\subsection{Our Techniques}
\label{sec:our_techniques}
In this section we informally describe the techniques used in proving our main results.

{\it Theorem \ref{thm:main1}.} 

For ease of exposition we shall consider the special case of homogeneous linear regressors $f(\bx) = \br^{\sf T}\bx$ in 
$d$-dimensional space and $N(\mb{0}, \mb{I})$ as the feature-vector distribution $\mc{D}$. The algorithm is as follows: sample a $m$-sized collection of iid bags $\mc{B}$ from $\mc{D}_{\tn{bag}}(\mc{D}, f, q)$ and minimize the sample loss which is the sum of $L_{\tn{bag}}(B, y_B, h)$ over all bags in $\mc{B}$, w.r.t. the hypothesis $h(\bx) := \bv^{T}\bx$. The loss is convex and can be minimized in $\tn{poly}(m,d)$-time, and its gradient can be written using sample-dependent matrices (i.e., depending on the sampled bags) as a linear form in $\br$ and $\bv$. It can be seen that the loss is minimized at $\bv_{\tn{min}} = \mb{H J}\br$, where $\mb{H}$ is a matrix that can be derived from the feature-vectors in the sampled bags while $\mb{J}$ is a matrix which also depends on the choice of each bag's feature-vector labels chosen to be the bag-label. Crucially however, one can show that $\mb{J}$ converges to the identity matrix with the sample size, and therefore one can take $\mb{H}^{-1}\bv_{\tn{min}}$ as the approximate solution. The analysis uses the fact that the sample-dependent matrices are sums of outer products of Gaussian vectors for which the subgaussian concentration inequalities bound the deviation from mean. The general case of non-homogeneous linear regressors and $N(\bm{\mu}, \bm{\Sigma})$ can be handled similarly, except that matrix factor also depends on $\bm{\mu}$ and $\bm{\Sigma}$, and can be estimated from the sampled bags.
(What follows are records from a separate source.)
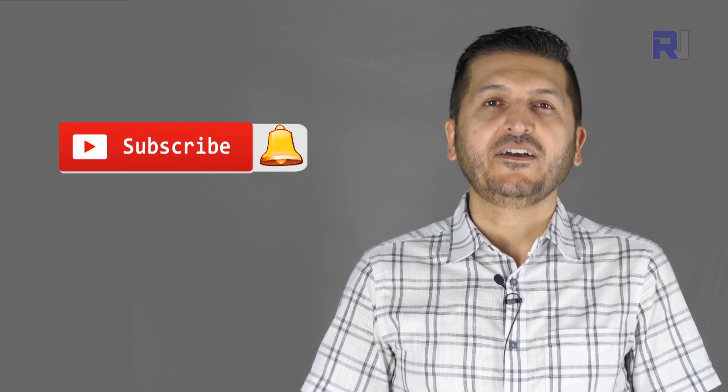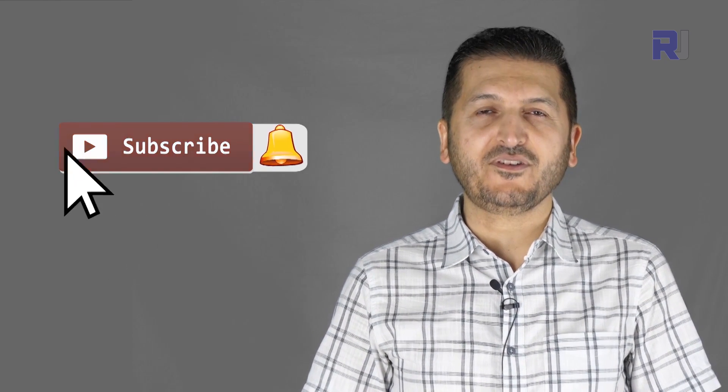Thank you for watching this tutorial on ESP32. If you learned something and found it useful, please give it a thumbs up as it helps in YouTube's search algorithm. If you have a comment or question, post it in the comments section below - I try to answer and reply. If you haven't subscribed to my channel, please do so now.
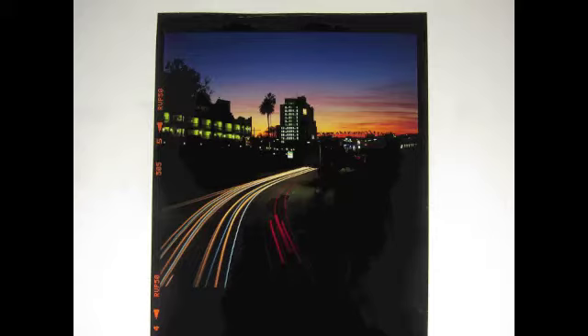The way I'll be doing this is I'm going to show you a picture of the actual slide or negative, and then I'll show you a scanned image of that slide or negative.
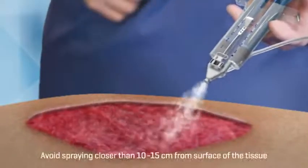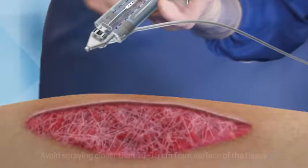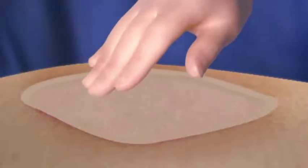Artis should only be applied in a thin layer. Excessive clot thickness may negatively interfere with the product's efficacy and the wound healing process. Immediately after Artis has been sprayed on the wound bed, approximate the wound areas or attach the skin graft.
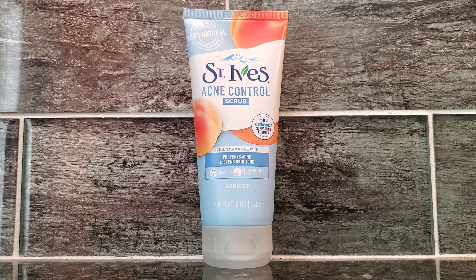The way that I use it is I make sure my face is damp and moist in the shower. Then I will use this product for about three to five minutes, working it through my whole face, and then I wash it off. Immediately after I use the product, I feel my face feels very refreshed. So that is a great benefit.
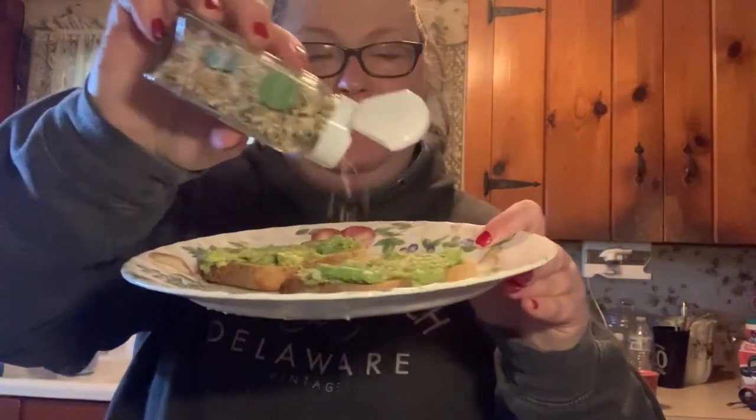My gluten-free toast is done. I spread a lot of the mixture onto my gluten-free toast. I might have enough to save and do tomorrow for breakfast. It's a Saturday, it's a lazy day — don't have anywhere I have to be. I have my avocado toast, and I just finish it off with some everything bagel seasoning.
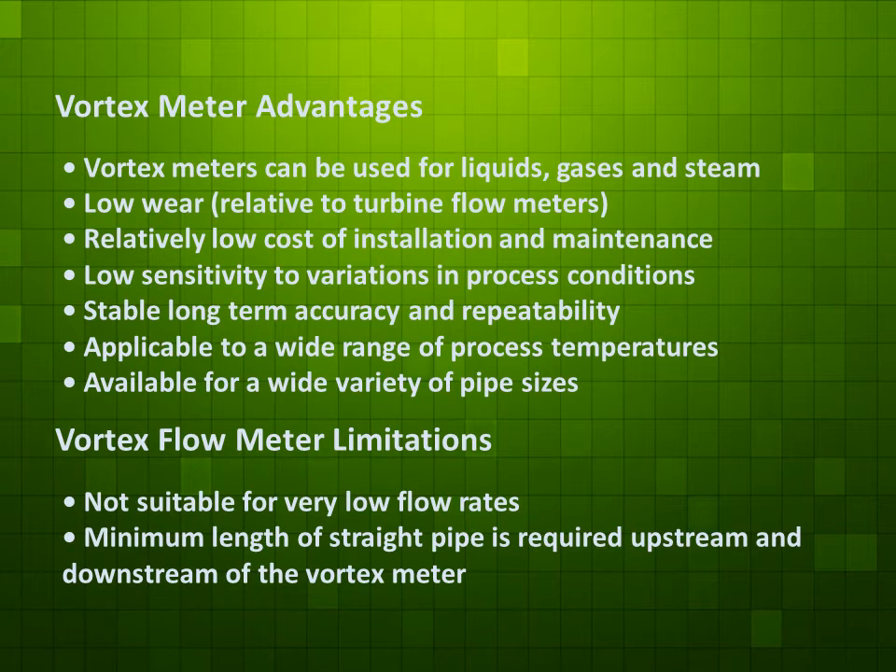Low sensitivity to variations in process conditions. Stable long-term accuracy and repeatability. Applicable to a wide range of process temperatures. Available for a wide variety of pipe sizes.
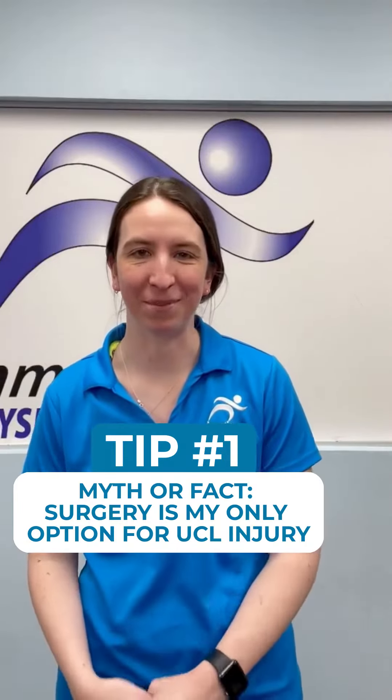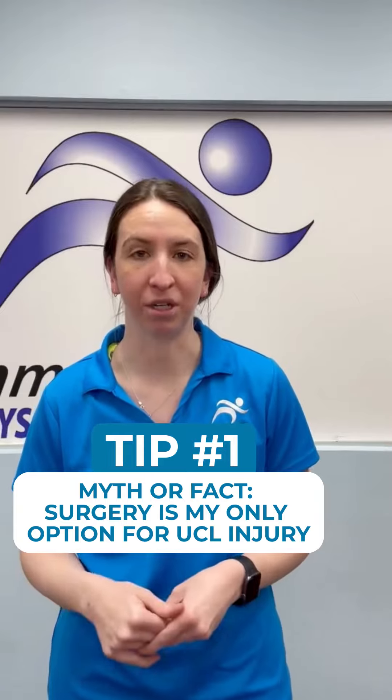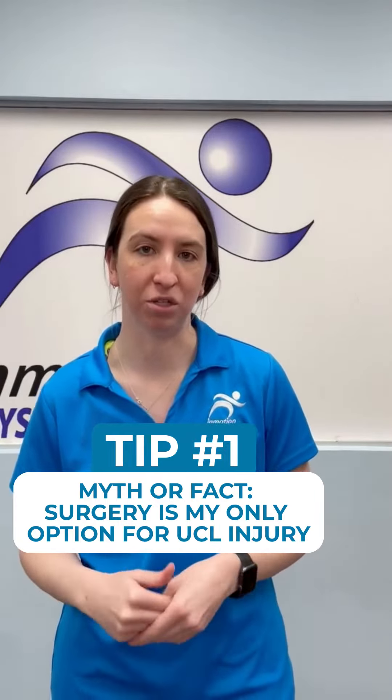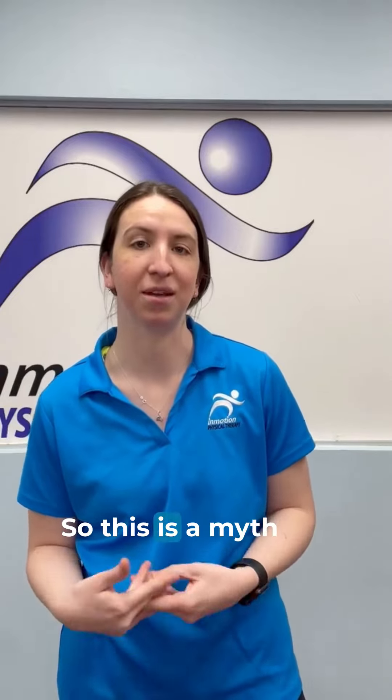Our baseball tip this week: is elbow surgery our only option for that ulnar collateral ligament, or UCL, injury? Depending on the size of the tear, you may actually be able to avoid surgery — so this is a myth.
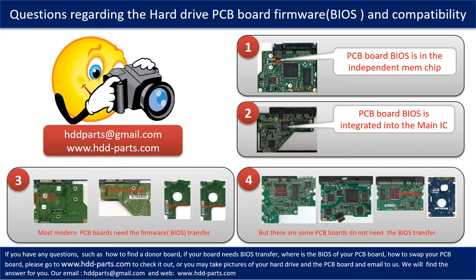The third picture shows some of these PCB boards. However, there are some hard drive PCB boards that do not need the BIOS transfer — as long as the donor boards are identical to the original boards, you can swap them directly. The fourth picture shows some of these kinds of boards.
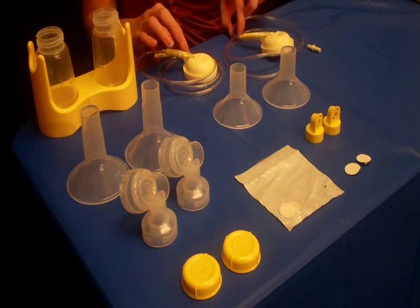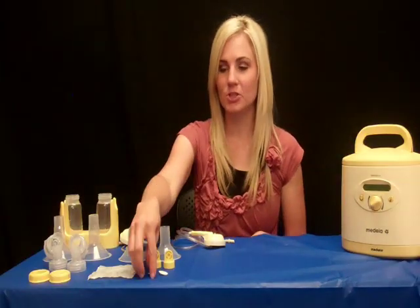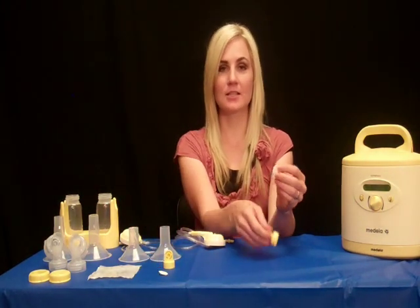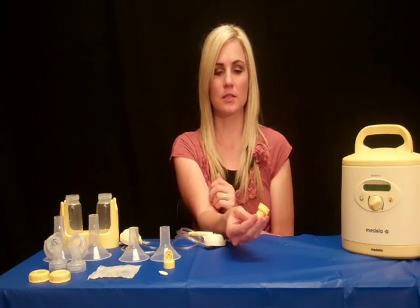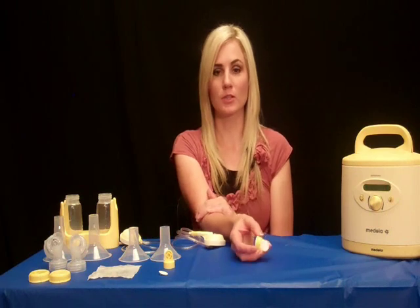You should also receive the tubing and the membranes that go inside the pump. You want to check your membrane to make sure that it is not torn, so that it does not have air leakage and there's no chance that your pump will work ineffectively.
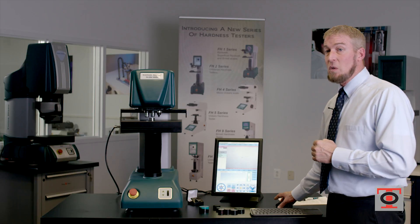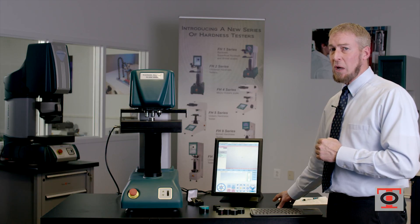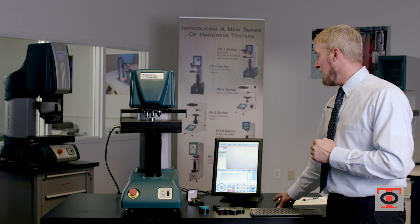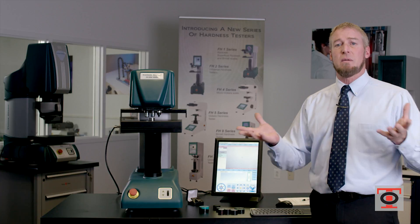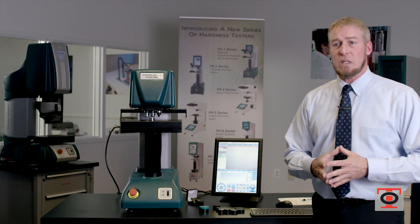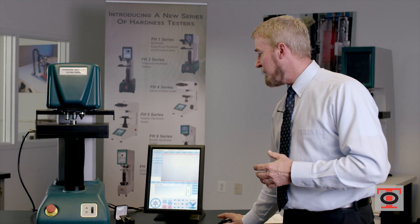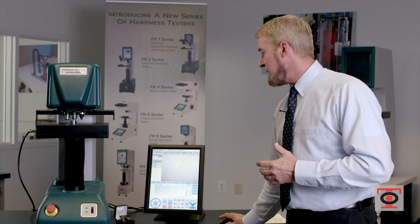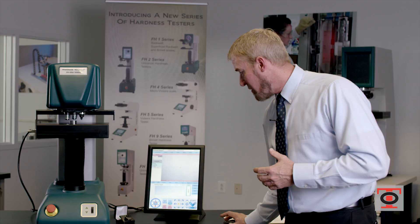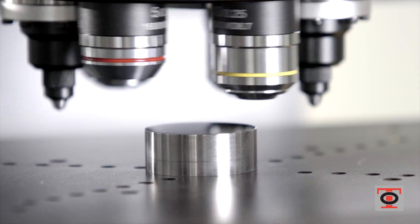We're going to set up a simple one Vickers test on a sample, just to show you how easy the software is to set up. We're going to use five kilogram force as the test parameters and a dwell time of 10 seconds. I've already put my sample in the machine and focused it. So now what I'm going to do is select my test from the drop-down list at the top — I pick my Vickers five kilogram test. The objective I'm going to use is a 10 power objective, so I select that.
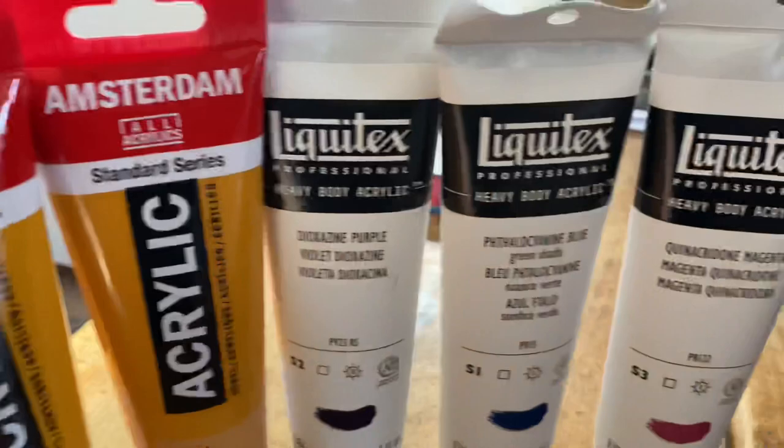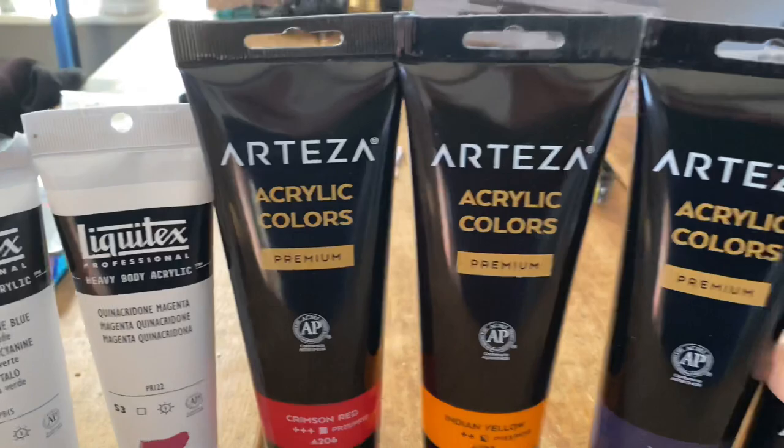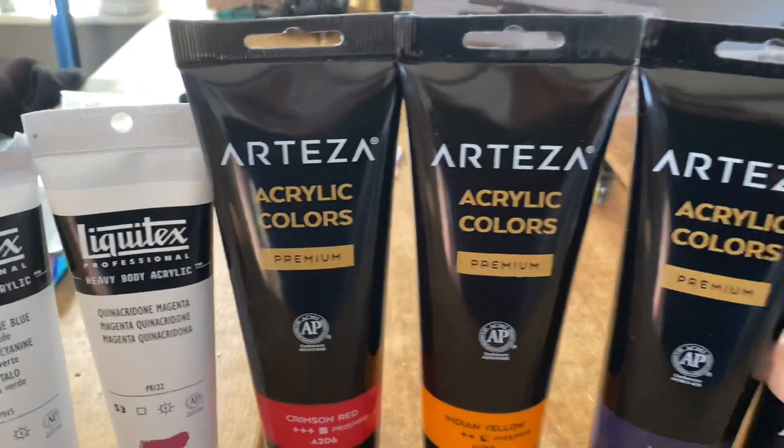Just wondering what you'd like to use. Do you prefer the Amsterdam range? Standard series? Do you like the Liquitex range? Or perhaps you like the Arteza range? They're all very good products. Use them many many times. Really good colours. What do you use? And do you like to mix these as well?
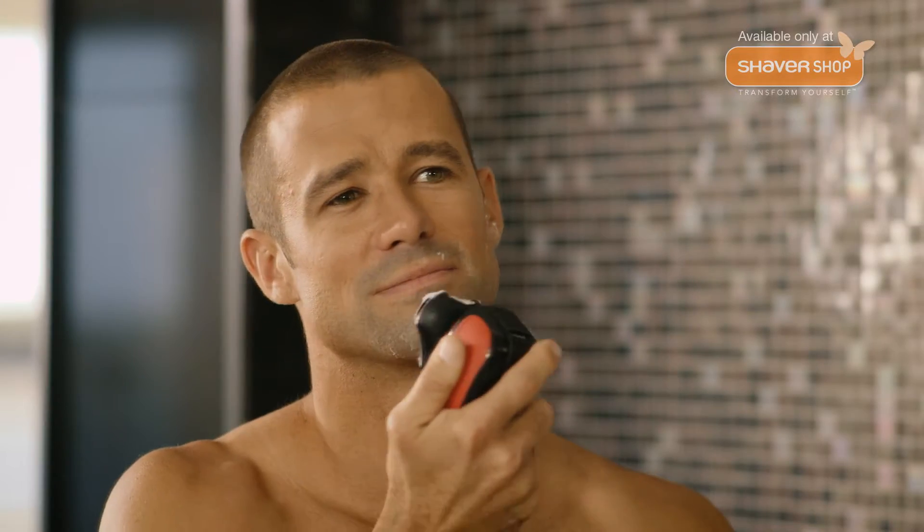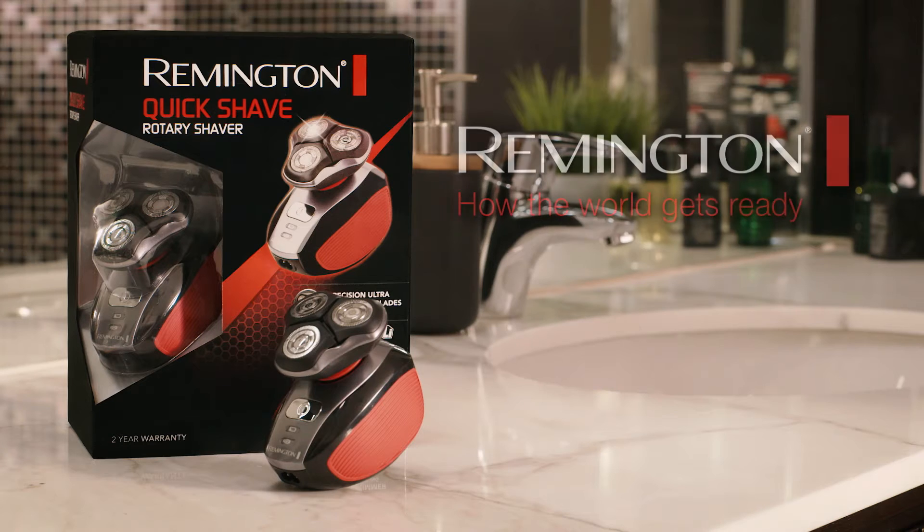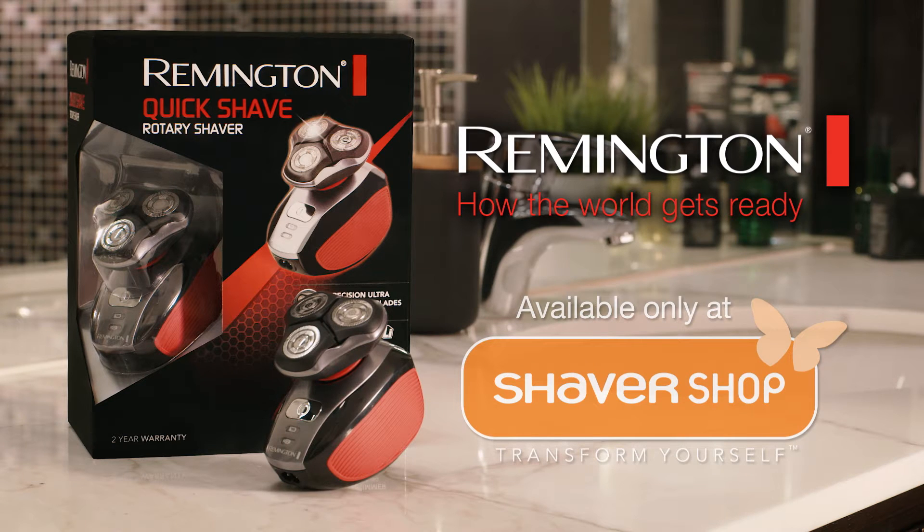The Remington Quick Shave Electric Shaver — the ideal shaver for a quick close shave. Available only at Shavershop or online at shavershop.com.au.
{\it Theorem \ref{thm:main3}.} Using algebraic manipulations of the loss expression, we first show that expected loss $L_{\tn{bag}}(B, y_B, h')$ over a random bag $B$ from $\mc{D}_{\tn{bag}}(\mc{D}, f, q)$ is greater than the same loss for $\hat{f} := f/q + (1- 1/q)\E[f]$ by exactly $\tn{err}_2(\mc{D}, \hat{f}, h')$, for any regressor $h$. In particular, the expected loss $\E_{B \in \mc{D}_{\tn{bag}}}\left[L_{\tn{bag}}(B, y_B, h')\right]$ is minimized by $\hat{f}$. Further, by our assumption on $\mc{F}$, $f \in \mc{F} \Rightarrow h \in \mc{F}$. Applying the generalization error bound on each of the $q$ loss terms in $L_{\tn{bag}}(B, y_B, h')$ we obtain generalization error between $L_{\tn{bag}}$ averaged over sampled bags $\mc{B}$ and $\E_{B \in \mc{D}_{\tn{bag}}}\left[L_{\tn{bag}}(B, y_B, h')\right]$. Using these bounds for $\hat{f} \in \mc{F}$ as well as for the  optimizer $h$ of $L_{\tn{bag}}$ averaged over sampled bags, we obtain that $\E_{B \in \mc{D}_{\tn{bag}}}\left[L_{\tn{bag}}(B, y_B, h)\right] \leq \E_{B \in \mc{D}_{\tn{bag}}}\left[L_{\tn{bag}}(B, y_B, h')\right] + \eps$. Our previous argment then implies that  $\tn{err}_2(\mc{D}, \hat{f}, h) \leq \eps$. Using $qh - (q-1)K'$ as the hypothesis yields the desired error bound, where $K'$ is an accurate estimate of $\E[f]$ which can be efficiently  computed by sampling additional bags.